** Record extracts follows **

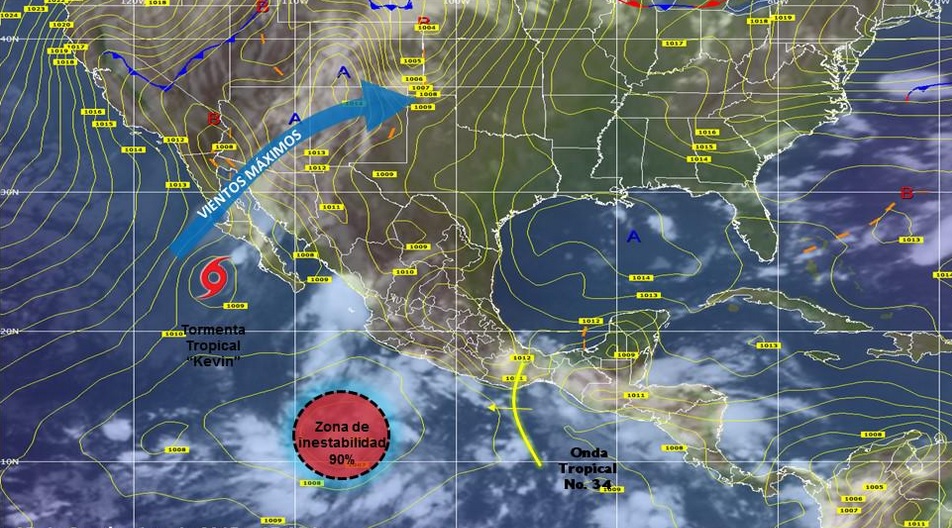 El Servicio Meteorológico Nacional informó que el fenómeno climático se desplaza hacia el oeste a una velocidad de 22 kilómetros con vientos sostenido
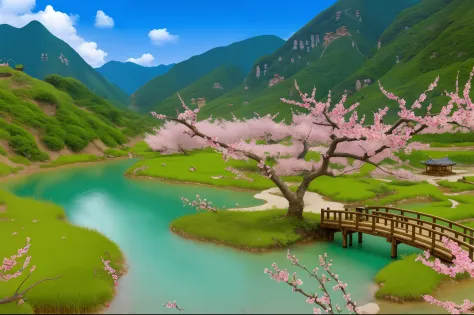 (A masterpiece in 4K quality)、villages、Peach blossoms all over the mountains、wood bridges、A small river、thatched hut、Wide field of view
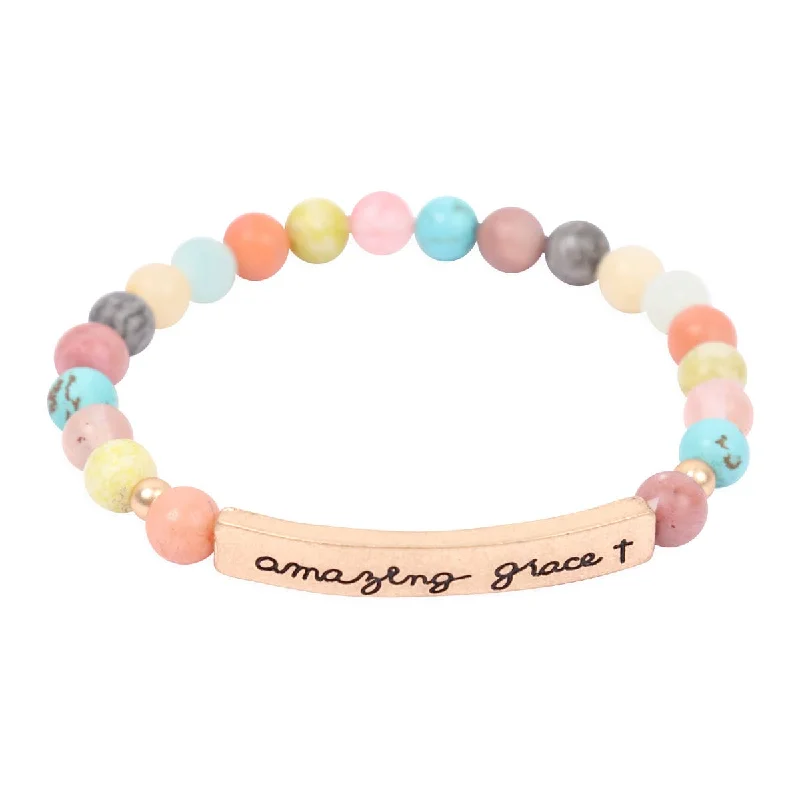 Fine braid bracelet-Amazing Grace Pastel Bar Bracelet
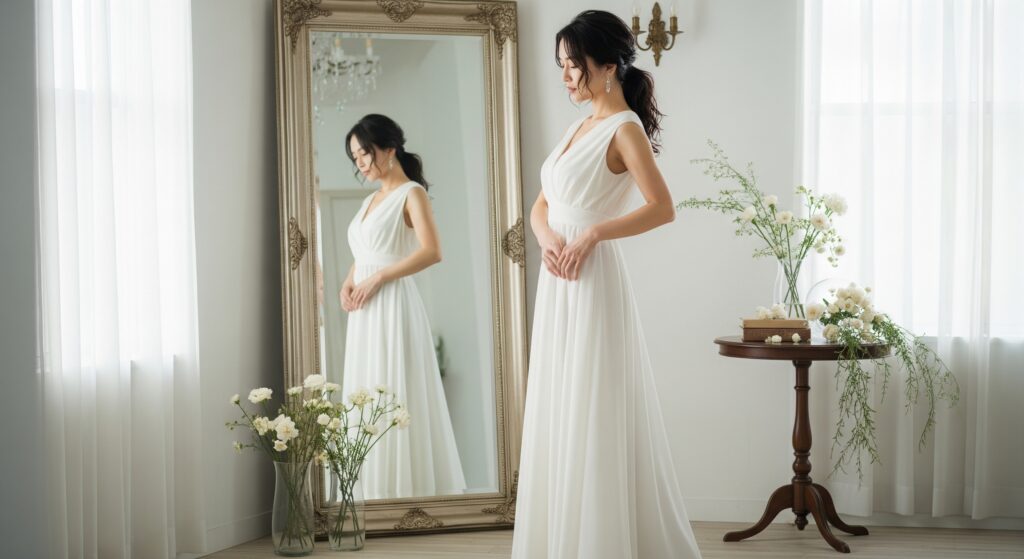 スタジオウェディングのためのトレーニングに成功し、理想の姿で当日を迎えた花嫁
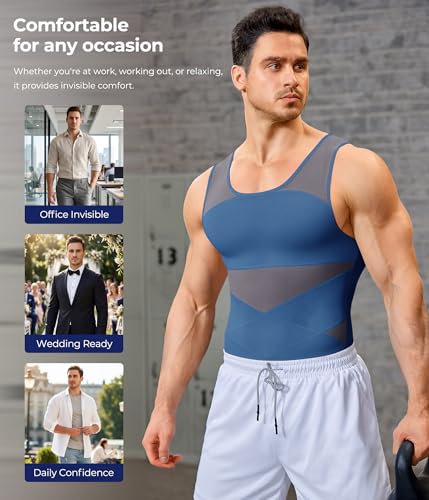 TAILONG Men's Compression Shirt for Body Shaper Slimming Vest Tight Tummy - image 7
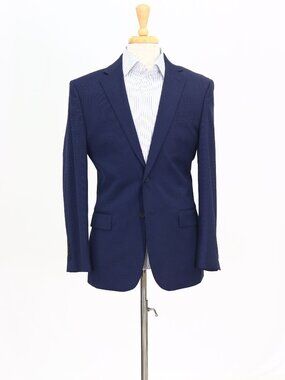 Jos. A. Bank 40R Blue Blazer Sport Coat Jacket 2-Button Check W751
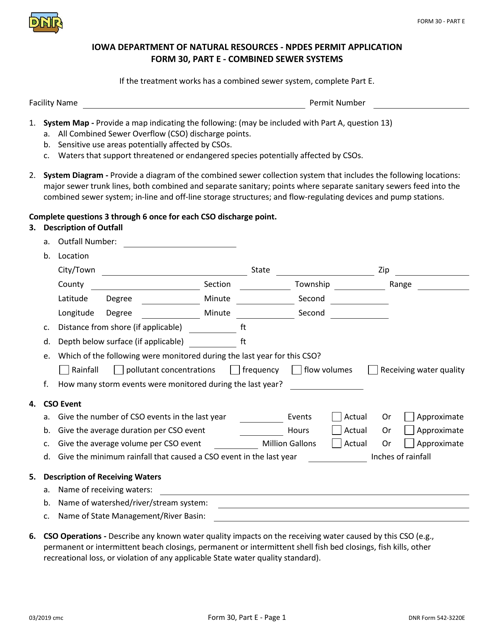 Form 30 (DNR Form 542-3220E) Part E  Printable Pdf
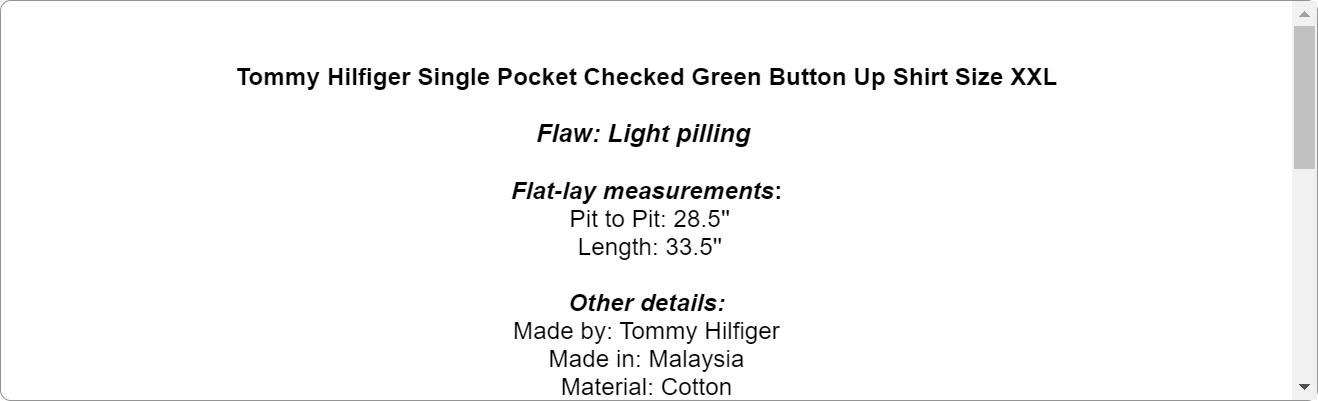 Tommy Hilfiger Single Pocket Checked Green Button Up Shirt Size XXL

** End of Record extracts **

What is required:
Could you copy the data above exactly, leaving the pictures out?

Response box:
 El Servicio Meteorológico Nacional informó que el fenómeno climático se desplaza hacia el oeste a una velocidad de 22 kilómetros con vientos sostenido
 (A masterpiece in 4K quality)、villages、Peach blossoms all over the mountains、wood bridges、A small river、thatched hut、Wide field of view
 Fine braid bracelet-Amazing Grace Pastel Bar Bracelet
 スタジオウェディングのためのトレーニングに成功し、理想の姿で当日を迎えた花嫁
 TAILONG Men's Compression Shirt for Body Shaper Slimming Vest Tight Tummy - image 7
 Jos. A. Bank 40R Blue Blazer Sport Coat Jacket 2-Button Check W751
 Form 30 (DNR Form 542-3220E) Part E  Printable Pdf
 Tommy Hilfiger Single Pocket Checked Green Button Up Shirt Size XXL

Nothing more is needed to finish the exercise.